I have been having a discussion lately with the director lead organizer of a graduate school. He complains about the results students are having, and more importantly about the lack of commitment. He says only one student outperforms the rest, by far.
I asked him about the acceptance system. He said that even though they needed the money, they asked for a CV and two recommendation letters. Since they were dealing with the government at some point, people from there went almost straight through. I then asked him: what is the point, for you, of this graduate program? He hesitated and eventually I reminded him that, originally, they discussed something about it being more like a think tank. He said "well yes..." In order to have a think tank, you need to get the top 10% of the people both in content and technique, because you need graphically stunning interesting stories... He had gone, like bad marketers [instead of like great designers], for the 90% bottom which he thought, could not be that bad...
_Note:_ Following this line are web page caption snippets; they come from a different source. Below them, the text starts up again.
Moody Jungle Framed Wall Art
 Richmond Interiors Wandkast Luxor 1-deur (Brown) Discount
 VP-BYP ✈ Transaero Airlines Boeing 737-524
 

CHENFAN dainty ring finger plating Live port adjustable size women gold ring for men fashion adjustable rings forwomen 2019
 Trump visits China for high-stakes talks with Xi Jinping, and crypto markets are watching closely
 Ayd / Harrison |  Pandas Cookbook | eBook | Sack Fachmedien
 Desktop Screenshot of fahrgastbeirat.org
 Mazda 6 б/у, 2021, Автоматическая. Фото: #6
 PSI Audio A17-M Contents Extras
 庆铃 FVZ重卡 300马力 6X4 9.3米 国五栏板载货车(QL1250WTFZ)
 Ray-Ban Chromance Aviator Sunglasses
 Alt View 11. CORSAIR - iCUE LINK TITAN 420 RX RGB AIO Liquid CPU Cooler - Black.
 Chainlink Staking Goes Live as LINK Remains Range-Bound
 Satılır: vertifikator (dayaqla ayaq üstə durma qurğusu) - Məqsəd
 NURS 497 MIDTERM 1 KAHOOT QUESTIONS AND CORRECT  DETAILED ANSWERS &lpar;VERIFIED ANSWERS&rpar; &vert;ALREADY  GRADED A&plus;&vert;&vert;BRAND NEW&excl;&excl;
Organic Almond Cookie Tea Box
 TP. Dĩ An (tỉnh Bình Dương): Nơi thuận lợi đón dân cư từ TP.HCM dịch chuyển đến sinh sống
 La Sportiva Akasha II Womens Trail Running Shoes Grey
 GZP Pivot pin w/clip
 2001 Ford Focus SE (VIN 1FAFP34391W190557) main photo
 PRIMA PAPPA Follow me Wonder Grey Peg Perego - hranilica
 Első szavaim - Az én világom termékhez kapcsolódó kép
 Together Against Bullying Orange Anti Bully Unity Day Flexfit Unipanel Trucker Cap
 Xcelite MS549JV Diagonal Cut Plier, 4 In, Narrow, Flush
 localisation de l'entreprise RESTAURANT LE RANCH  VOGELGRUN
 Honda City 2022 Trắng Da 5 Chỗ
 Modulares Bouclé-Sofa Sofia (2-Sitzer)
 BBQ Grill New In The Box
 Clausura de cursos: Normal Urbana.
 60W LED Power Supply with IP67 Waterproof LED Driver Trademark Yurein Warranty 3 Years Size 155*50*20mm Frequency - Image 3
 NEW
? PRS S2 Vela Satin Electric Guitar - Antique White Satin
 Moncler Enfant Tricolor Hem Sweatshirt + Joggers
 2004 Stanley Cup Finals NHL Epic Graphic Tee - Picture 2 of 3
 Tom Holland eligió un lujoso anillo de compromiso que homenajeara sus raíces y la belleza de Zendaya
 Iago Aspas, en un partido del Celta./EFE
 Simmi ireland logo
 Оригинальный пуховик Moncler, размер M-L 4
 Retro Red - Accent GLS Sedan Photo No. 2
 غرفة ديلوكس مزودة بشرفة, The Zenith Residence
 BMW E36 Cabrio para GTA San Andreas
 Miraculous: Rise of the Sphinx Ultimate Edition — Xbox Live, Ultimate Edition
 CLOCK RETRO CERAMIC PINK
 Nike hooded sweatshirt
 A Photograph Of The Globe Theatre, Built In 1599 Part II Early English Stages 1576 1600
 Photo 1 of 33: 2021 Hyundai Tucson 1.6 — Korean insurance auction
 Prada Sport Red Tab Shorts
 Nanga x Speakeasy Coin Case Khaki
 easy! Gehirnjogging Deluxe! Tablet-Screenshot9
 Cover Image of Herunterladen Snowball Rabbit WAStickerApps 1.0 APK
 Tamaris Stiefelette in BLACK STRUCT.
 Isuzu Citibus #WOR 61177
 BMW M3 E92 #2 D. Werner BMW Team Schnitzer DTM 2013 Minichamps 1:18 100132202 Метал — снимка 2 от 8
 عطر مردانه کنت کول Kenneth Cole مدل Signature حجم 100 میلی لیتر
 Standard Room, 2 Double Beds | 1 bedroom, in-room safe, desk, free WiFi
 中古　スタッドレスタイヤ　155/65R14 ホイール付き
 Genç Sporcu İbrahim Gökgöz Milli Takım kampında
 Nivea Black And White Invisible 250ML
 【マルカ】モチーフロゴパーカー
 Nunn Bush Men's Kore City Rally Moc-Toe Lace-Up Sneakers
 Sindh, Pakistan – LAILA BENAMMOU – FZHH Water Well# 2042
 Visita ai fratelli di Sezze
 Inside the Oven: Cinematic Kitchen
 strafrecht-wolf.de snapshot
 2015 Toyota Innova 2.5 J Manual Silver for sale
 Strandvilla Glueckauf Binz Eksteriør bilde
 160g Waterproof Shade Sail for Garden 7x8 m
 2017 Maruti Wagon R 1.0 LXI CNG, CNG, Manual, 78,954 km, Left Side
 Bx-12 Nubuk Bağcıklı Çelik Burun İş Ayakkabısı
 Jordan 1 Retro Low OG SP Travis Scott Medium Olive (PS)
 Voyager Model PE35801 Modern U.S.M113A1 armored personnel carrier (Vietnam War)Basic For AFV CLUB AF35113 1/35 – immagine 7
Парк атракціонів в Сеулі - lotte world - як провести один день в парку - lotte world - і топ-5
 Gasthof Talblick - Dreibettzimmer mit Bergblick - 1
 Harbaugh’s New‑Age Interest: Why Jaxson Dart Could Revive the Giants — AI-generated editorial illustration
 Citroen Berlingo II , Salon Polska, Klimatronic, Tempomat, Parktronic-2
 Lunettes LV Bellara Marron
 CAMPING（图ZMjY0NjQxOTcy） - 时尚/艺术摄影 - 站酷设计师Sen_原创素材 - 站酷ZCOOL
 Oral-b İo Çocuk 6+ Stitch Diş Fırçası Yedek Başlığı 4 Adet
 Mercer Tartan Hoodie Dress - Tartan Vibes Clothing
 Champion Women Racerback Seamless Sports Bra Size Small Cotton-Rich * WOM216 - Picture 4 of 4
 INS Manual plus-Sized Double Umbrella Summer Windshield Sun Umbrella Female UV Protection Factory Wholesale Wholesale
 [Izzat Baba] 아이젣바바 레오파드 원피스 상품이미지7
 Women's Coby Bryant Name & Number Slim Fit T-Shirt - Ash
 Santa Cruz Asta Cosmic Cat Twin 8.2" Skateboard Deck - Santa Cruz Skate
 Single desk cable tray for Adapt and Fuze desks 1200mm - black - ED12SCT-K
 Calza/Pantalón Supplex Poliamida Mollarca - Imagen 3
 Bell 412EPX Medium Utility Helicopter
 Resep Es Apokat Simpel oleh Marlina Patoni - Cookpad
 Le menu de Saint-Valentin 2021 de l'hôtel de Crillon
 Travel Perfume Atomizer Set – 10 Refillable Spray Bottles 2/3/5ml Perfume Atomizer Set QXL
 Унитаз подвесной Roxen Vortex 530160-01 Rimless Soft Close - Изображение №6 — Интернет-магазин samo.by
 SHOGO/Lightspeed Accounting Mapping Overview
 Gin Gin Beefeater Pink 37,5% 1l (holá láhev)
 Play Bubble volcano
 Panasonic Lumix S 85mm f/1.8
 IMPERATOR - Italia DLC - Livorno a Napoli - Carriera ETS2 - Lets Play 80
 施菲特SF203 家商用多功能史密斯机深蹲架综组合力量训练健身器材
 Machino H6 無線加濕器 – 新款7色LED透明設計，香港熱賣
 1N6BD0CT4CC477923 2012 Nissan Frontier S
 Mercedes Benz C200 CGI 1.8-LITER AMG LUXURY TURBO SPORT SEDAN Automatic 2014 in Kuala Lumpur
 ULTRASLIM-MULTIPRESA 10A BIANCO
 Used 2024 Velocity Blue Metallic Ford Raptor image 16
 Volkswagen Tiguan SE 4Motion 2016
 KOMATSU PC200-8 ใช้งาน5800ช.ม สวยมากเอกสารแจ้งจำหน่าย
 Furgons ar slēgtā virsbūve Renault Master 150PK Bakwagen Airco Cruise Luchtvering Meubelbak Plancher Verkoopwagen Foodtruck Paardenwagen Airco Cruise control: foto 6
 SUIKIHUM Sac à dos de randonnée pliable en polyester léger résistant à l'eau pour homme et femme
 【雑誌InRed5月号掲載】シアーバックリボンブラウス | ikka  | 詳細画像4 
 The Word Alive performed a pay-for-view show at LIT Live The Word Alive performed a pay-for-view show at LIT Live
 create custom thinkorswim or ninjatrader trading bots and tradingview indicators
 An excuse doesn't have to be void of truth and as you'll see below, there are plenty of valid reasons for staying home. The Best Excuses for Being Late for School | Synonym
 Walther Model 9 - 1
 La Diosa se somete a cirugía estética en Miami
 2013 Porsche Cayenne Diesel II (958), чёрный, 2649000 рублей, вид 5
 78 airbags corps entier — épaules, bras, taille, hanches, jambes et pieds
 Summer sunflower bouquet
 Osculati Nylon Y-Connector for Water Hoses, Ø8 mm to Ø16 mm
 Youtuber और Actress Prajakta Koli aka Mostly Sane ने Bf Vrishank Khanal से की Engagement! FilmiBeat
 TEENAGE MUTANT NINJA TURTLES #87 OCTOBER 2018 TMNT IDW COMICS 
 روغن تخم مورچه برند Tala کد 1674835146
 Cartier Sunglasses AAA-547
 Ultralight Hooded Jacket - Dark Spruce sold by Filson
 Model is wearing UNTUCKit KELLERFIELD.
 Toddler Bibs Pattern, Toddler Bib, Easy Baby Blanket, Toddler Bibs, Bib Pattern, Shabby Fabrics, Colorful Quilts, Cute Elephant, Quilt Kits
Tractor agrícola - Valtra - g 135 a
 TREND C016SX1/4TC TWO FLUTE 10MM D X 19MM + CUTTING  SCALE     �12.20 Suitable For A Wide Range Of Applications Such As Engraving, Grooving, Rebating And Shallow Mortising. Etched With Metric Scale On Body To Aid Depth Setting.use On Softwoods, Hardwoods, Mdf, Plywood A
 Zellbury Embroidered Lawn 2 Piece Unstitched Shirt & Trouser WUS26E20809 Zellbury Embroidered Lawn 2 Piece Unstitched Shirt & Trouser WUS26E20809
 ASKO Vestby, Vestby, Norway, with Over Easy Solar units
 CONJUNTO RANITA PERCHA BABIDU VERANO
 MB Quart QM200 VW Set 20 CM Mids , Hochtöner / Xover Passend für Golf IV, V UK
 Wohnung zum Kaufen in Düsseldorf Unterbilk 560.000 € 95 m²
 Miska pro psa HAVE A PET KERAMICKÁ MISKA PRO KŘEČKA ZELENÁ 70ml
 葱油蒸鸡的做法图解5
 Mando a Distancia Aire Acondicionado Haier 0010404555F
Interestingly enough the one guy that outperforms, did not turn in neither a resumé nor the recommendation letters. In fact, that guy did not meet the requirements in other ways too. That guy does not get a scholarship to go, he did not even ask for one. He was convinced to join based on the potential they originally saw in the program and its proposals towards actually making a difference.
How did he get in then? By invitation! Someone from the organization knew him, and asked him to join, explained the importance of the matter, and convinced him. Turns out, not only did he hold more interest because he was invited [he felt honored], and by not running the standard check, it turns out he new more about technique and research than everyone else did. He prepared prior to every class, and tried to take advantage of all
the material that was being fed to him.
The problem, he was alone, so
there was only so much he could do.
If the head of the program, instead of taking time to design a poster, send emails, talk to the wrong people, hand out fliers at schools, get his signs printed in the magazines, etc... would have taken 10% of those resources and talked to the professors/students he thought could point him in the direction of finding worthwhile people, gotten on the phone, invited them, motivated them, he could have achieved the results he wanted. The one guy he says outperforms would have better team-mates, beyond that, he would have built a tribe...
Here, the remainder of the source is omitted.